Recent studies of active matter have stimulated interest in the driven self-assembly of complex structures. Phenomenological modeling of particular examples has yielded insight, but general thermodynamic principles unifying the rich diversity of behaviors observed have been elusive. Here, we study the stochastic search of a toy chemical space by a collection of reacting Brownian particles subject to periodic forcing. We observe the emergence of an adaptive resonance in the system matched to the drive frequency, and show that the increased work absorption by these resonant structures is key to their stabilization. Our findings are consistent with a recently proposed thermodynamic mechanism for far-from-equilibrium self-organization.
A qualitatively more diverse range of possible behaviors emerge in many-particle systems once external drives are allowed to push the system far from equilibrium; nonetheless, general thermodynamic principles governing nonequilibrium pattern formation and self-assembly have remained elusive, despite intense interest from researchers across disciplines. Here, we use the example of a randomly wired driven chemical reaction network to identify a key thermodynamic feature of a complex, driven system that characterizes the “specialness” of its dynamical attractor behavior. We show that the network’s fixed points are biased toward the extremization of external forcing, causing them to become kinetically stabilized in rare corners of chemical space that are either atypically weakly or strongly coupled to external environmental drives.
A chemical mixture that continually absorbs work from its environment may exhibit steady-state chemical concentrations that deviate from their equilibrium values. Such behavior is particularly interesting in a scenario where the environmental work sources are relatively difficult to access, so that only the proper orchestration of many distinct catalytic actors can power the dissipative flux required to maintain a stable, far-from-equilibrium steady state. In this article, we study the dynamics of an in silico chemical network with random connectivity in an environment that makes strong thermodynamic forcing available only to rare combinations of chemical concentrations. We find that the long-time dynamics of such systems are biased toward states that exhibit a fine-tuned extremization of environmental forcing.
Take chemistry, add energy, get life. The first tests of Jeremy England’s provocative origin-of-life hypothesis are in, and they appear to show how order can arise from nothing.
Interesting article with some great references I’ll need to delve into and read.

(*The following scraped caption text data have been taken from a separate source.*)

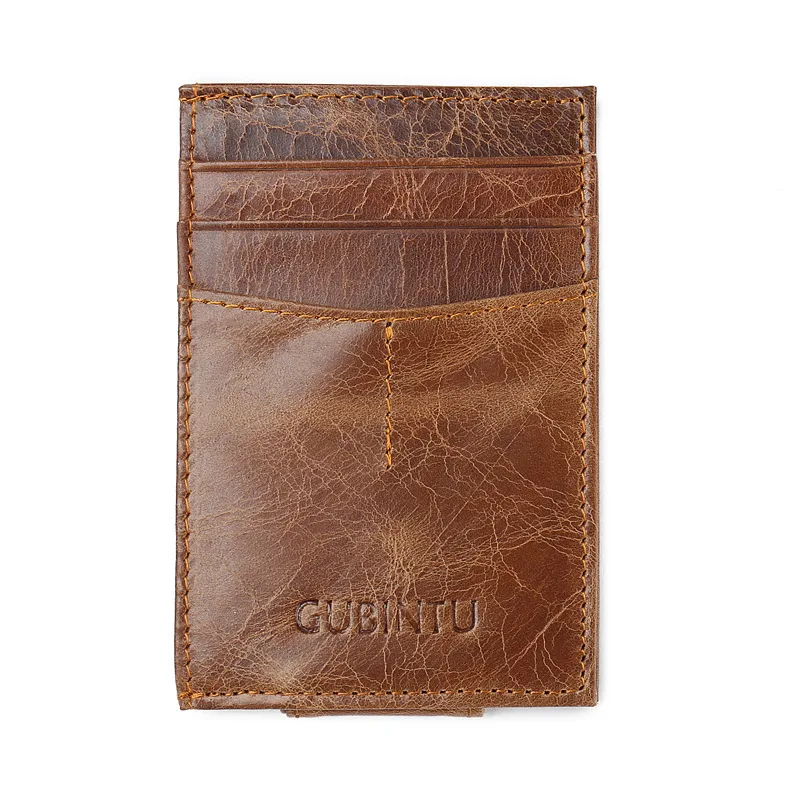 YISHEN мужские Зажимы для денег из натуральной кожи передний карман зажим держатель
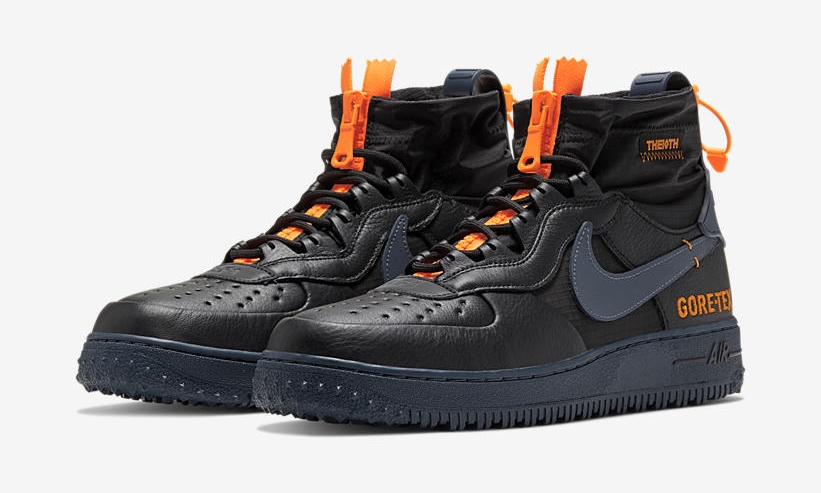 【更新＊11/1発売】ナイキ エア フォース 1 THE 10TH ウィンター “ゴアテックス” “ブラック” (NIKE AIR FORCE 1 THE 10TH WTR “Gore-Tex”) [CQ7211-001]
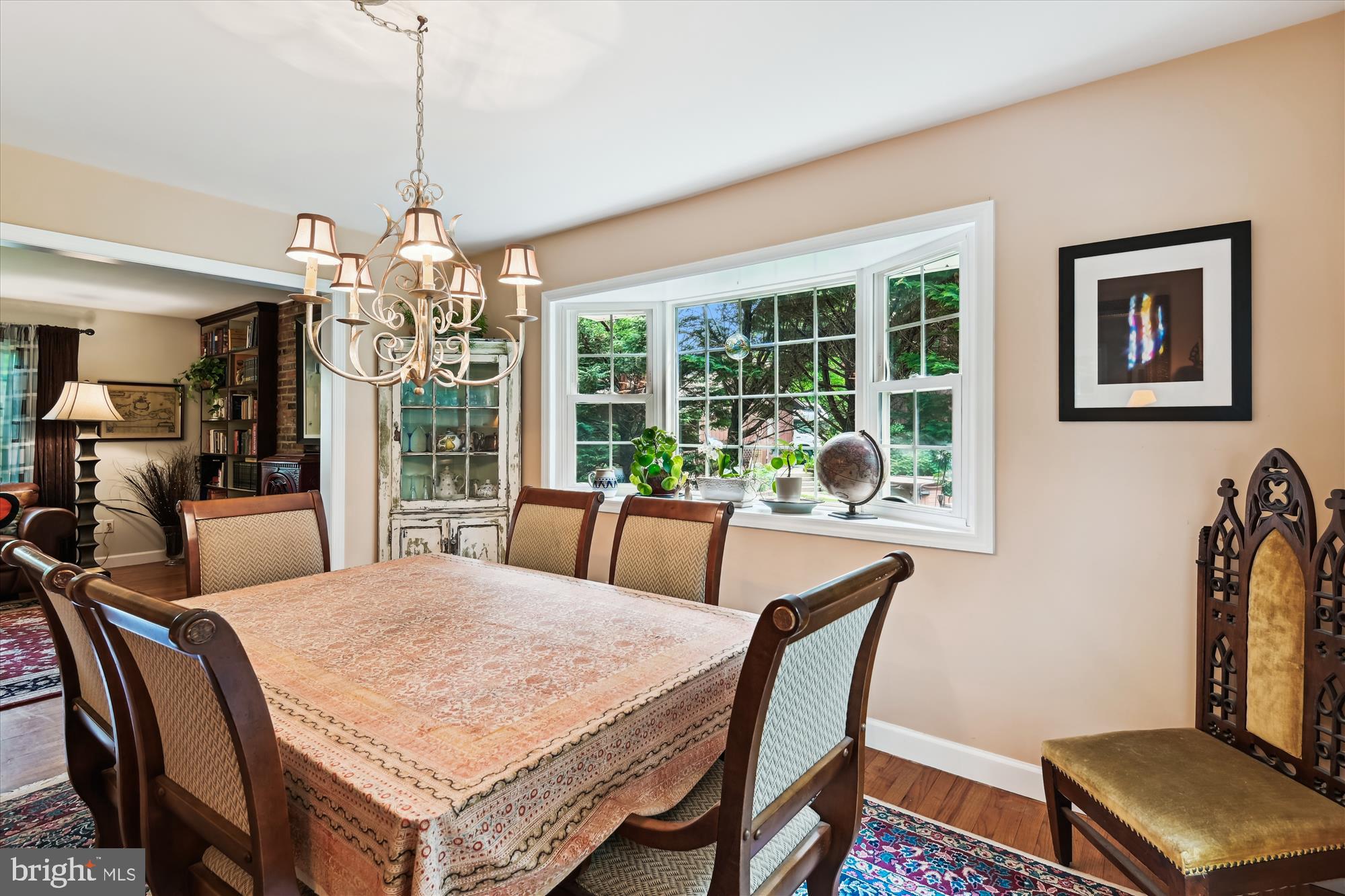 2104 Harbor Drive Annapolis, MD 21409 - Photo 8 of 86 a view of a dining room with furniture wooden floor and chandelier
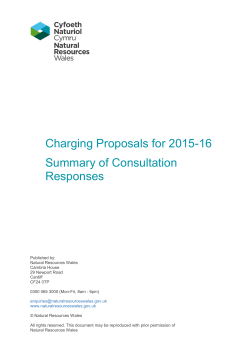 Summary of Consultation Responses 2015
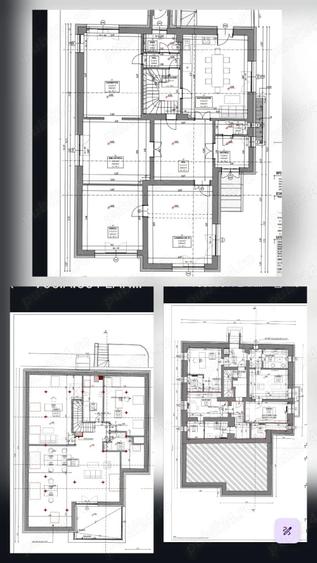 Inchiriere casa ,vila Andrei Muresanu D+P+M 480 MP teren 960 mp 5 loc parcare ,7000 eur +tva - 4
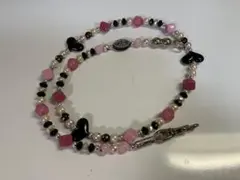 わんちゃんのキラキラビーズのワイヤーリードです。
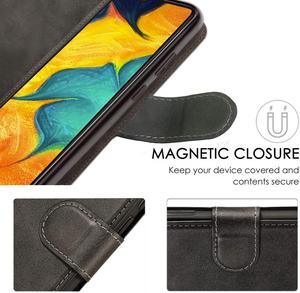 LeYi étui de téléphone en cuir pour <span class=keywords><strong>Samsung</strong></span> <span class=keywords><strong>Galaxy</strong></span> <span class=keywords><strong>A40</strong></span> S25FE étui <span class=keywords><strong>portefeuille</strong></span> à rabat en cuir protecteur d'écran HD - Product Image 5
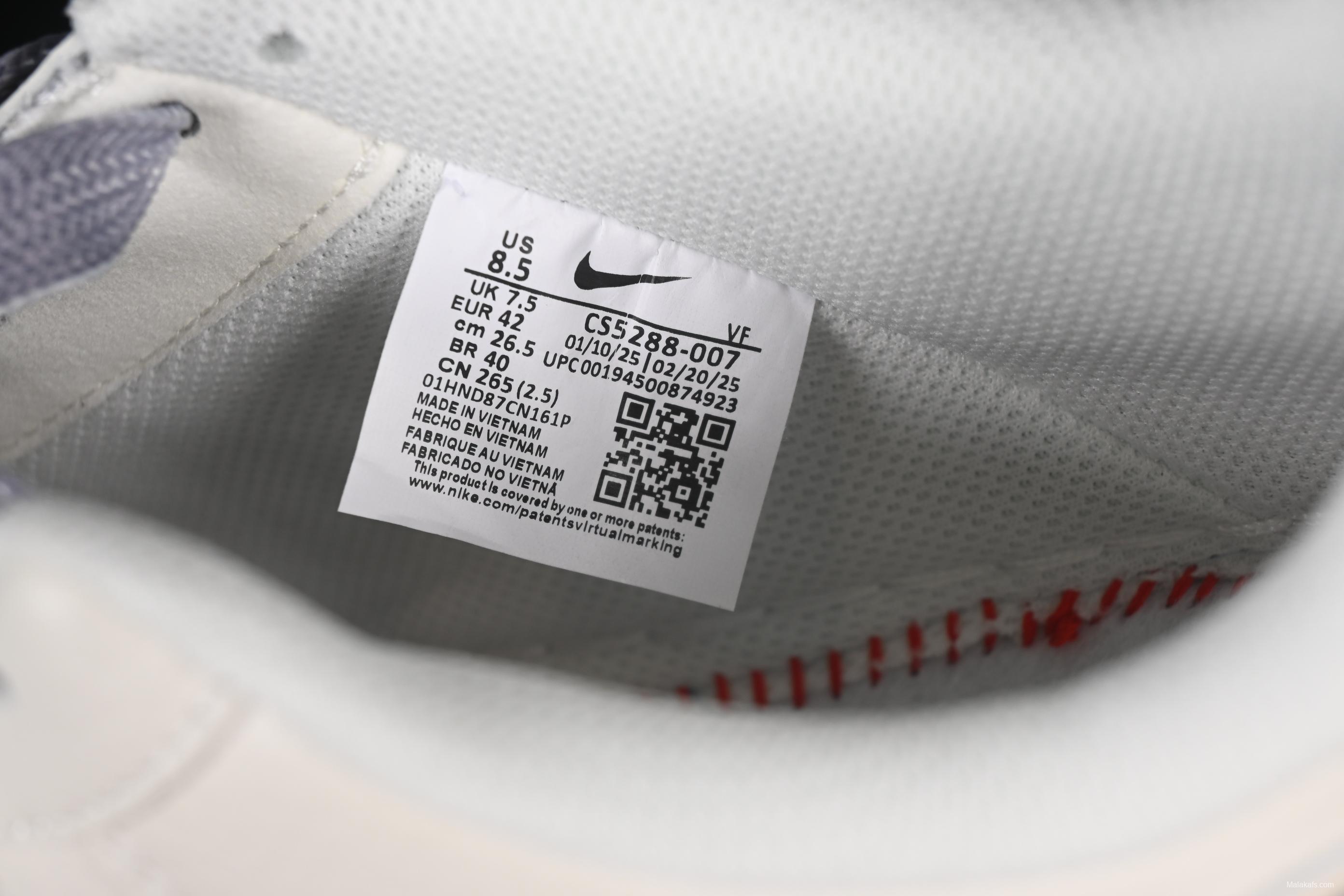 Nike Air Force 1'07 Low UN Collaboration Double Swoosh Red Label Casual Sneakers - CS5288-007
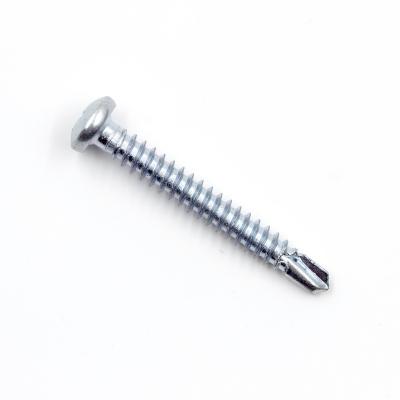 China TIANJIN YUFENG SCREW C1022 DIN7504 PAN HEAD CSK CHEF HEAD HEX HEAD GALVANIZED SELF DRILLING SCREW for sale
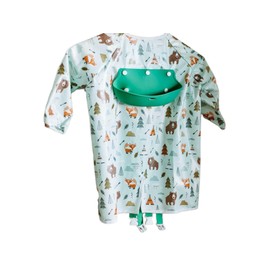 Bibvy- Mess Proof Baby Bibs, Long Sleeve Toddler Feeding Bib with Silicone Catcher, Chair Attaching, Waterproof, 6-36 Months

The situation changed in the late 1990s, when the physicists Gavin Crooks and Chris Jarzynski derived “fluctuation theorems” that can be used to quantify how much more often certain physical processes happen than reverse processes. These theorems allow researchers to study how systems evolve — even far from equilibrium.
I want to take a look at these papers as well as several about which the article is directly about.
Any claims that it has to do with biology or the origins of life, he added, are “pure and shameless speculations.”
Some truly harsh words from his former supervisor? Wow!
maybe there’s more that you can get for free
Most of what’s here in this article (and likely in the underlying papers) sounds to me to have been heavily influenced by the writings of W. Loewenstein and S. Kauffman. They’ve laid out some models/ideas that need more rigorous testing and work, and this seems like a reasonable start to the process. The “get for free” phrase itself is very S. Kauffman in my mind. I’m curious how many times it appears in his work?